### Your task
Among the entries below, please show each line that carries the word "disolución".
(The input Opens)
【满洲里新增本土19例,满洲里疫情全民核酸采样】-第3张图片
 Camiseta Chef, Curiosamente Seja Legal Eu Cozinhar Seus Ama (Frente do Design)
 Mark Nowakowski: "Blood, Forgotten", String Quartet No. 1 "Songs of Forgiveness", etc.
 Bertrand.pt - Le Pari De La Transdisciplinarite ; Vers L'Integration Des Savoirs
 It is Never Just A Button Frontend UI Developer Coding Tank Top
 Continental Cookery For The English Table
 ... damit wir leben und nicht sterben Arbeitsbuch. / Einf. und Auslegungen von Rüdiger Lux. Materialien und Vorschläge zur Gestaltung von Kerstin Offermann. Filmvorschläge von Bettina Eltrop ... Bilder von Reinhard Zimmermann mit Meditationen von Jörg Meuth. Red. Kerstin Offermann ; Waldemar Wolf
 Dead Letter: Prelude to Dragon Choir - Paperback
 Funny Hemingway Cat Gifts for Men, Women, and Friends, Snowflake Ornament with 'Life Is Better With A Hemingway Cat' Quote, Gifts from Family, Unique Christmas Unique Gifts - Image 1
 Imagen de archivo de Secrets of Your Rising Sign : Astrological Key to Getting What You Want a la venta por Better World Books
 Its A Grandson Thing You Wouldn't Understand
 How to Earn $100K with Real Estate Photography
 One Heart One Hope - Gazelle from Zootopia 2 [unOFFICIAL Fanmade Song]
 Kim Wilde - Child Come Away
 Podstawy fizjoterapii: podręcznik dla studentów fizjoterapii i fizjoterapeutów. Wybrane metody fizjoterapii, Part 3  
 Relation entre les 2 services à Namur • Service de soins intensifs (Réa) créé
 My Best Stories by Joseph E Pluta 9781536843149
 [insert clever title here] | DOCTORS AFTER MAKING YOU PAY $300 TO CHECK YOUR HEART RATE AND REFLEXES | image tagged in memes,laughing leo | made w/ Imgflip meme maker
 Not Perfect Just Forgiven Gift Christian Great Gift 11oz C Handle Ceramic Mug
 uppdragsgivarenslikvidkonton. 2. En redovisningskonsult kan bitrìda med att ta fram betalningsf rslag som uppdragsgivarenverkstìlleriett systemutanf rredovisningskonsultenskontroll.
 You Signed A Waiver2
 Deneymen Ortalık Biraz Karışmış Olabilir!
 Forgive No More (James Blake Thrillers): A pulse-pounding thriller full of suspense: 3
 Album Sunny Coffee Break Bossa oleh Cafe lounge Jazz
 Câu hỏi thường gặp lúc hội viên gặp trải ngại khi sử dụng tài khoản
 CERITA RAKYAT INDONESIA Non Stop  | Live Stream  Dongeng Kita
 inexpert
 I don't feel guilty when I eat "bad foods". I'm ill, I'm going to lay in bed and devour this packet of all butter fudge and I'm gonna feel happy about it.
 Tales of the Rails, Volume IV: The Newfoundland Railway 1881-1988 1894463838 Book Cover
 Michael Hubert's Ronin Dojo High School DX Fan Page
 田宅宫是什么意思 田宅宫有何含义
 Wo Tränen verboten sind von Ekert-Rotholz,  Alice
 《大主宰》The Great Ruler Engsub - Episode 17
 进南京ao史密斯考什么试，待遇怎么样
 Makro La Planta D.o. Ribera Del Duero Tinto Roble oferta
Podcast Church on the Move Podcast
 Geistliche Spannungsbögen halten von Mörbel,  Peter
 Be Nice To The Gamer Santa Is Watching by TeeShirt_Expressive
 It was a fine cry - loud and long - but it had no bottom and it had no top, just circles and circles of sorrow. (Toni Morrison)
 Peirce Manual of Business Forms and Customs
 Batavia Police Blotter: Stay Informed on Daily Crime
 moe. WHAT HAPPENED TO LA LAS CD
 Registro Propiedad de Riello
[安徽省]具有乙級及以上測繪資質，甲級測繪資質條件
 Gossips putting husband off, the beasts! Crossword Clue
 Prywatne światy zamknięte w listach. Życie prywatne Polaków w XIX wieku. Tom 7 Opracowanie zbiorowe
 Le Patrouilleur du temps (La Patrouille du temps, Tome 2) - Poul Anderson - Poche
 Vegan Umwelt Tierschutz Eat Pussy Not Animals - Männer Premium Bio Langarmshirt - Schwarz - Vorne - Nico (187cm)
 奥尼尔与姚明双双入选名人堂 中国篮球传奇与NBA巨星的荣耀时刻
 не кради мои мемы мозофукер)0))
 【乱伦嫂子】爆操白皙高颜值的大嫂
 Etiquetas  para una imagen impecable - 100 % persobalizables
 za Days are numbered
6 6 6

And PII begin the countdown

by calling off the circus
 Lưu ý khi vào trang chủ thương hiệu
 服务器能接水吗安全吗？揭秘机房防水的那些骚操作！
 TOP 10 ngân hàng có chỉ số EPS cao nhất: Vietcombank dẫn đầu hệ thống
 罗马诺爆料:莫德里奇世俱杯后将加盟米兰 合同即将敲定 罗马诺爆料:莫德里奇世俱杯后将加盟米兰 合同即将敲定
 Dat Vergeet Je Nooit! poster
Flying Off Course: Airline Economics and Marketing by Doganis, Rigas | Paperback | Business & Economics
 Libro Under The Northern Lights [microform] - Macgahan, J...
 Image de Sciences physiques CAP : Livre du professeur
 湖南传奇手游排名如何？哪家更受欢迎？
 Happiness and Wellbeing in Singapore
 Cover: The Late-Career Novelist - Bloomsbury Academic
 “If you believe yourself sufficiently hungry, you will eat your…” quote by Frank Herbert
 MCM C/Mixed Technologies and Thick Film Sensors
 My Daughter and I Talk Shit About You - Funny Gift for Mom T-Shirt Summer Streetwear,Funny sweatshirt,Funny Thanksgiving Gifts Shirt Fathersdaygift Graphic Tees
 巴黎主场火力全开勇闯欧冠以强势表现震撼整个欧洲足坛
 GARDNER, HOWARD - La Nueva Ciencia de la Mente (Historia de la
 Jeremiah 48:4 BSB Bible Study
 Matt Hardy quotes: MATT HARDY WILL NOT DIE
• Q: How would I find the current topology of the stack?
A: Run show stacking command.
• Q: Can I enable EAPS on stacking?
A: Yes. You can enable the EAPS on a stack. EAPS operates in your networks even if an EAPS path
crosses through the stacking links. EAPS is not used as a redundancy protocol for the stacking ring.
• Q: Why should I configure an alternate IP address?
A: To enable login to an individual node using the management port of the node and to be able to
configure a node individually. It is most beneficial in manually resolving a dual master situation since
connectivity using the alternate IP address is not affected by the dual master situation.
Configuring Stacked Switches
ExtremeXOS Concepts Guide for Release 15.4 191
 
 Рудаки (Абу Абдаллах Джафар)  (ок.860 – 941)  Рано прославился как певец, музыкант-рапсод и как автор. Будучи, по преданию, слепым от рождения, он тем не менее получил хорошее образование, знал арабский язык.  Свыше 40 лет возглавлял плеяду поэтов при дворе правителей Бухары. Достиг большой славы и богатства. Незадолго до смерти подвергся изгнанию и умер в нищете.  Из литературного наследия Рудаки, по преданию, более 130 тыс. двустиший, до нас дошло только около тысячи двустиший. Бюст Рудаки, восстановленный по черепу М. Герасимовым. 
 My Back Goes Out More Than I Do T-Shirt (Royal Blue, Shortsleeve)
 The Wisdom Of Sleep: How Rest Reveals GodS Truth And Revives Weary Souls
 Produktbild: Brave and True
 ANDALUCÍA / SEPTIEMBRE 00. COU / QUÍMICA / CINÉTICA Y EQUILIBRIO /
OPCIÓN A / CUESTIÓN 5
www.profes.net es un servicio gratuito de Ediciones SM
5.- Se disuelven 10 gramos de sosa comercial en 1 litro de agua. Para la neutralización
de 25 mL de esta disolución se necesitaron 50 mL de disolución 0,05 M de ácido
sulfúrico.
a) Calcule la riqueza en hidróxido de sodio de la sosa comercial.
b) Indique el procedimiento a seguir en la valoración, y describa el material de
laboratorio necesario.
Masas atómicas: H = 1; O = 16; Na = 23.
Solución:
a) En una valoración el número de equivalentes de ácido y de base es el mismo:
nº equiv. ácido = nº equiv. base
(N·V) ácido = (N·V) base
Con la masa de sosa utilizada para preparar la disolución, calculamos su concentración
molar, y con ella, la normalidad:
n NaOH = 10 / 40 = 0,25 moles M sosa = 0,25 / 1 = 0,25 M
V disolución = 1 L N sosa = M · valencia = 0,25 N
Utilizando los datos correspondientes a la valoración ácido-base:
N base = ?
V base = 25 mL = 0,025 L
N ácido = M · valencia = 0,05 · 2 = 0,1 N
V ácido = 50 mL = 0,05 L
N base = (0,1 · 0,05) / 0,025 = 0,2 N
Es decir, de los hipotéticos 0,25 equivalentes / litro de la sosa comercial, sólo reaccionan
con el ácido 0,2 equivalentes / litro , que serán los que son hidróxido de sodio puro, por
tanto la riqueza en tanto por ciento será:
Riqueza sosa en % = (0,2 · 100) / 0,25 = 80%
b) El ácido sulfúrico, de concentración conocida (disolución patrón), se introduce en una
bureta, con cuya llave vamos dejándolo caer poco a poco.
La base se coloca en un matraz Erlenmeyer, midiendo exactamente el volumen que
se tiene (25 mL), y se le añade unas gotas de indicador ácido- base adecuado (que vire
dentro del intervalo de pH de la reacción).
(The input Closes)
### Task output
de 25 mL de esta disolución se necesitaron 50 mL de disolución 0,05 M de ácido
Con la masa de sosa utilizada para preparar la disolución, calculamos su concentración
V disolución = 1 L N sosa = M · valencia = 0,25 N
b) El ácido sulfúrico, de concentración conocida (disolución patrón), se introduce en una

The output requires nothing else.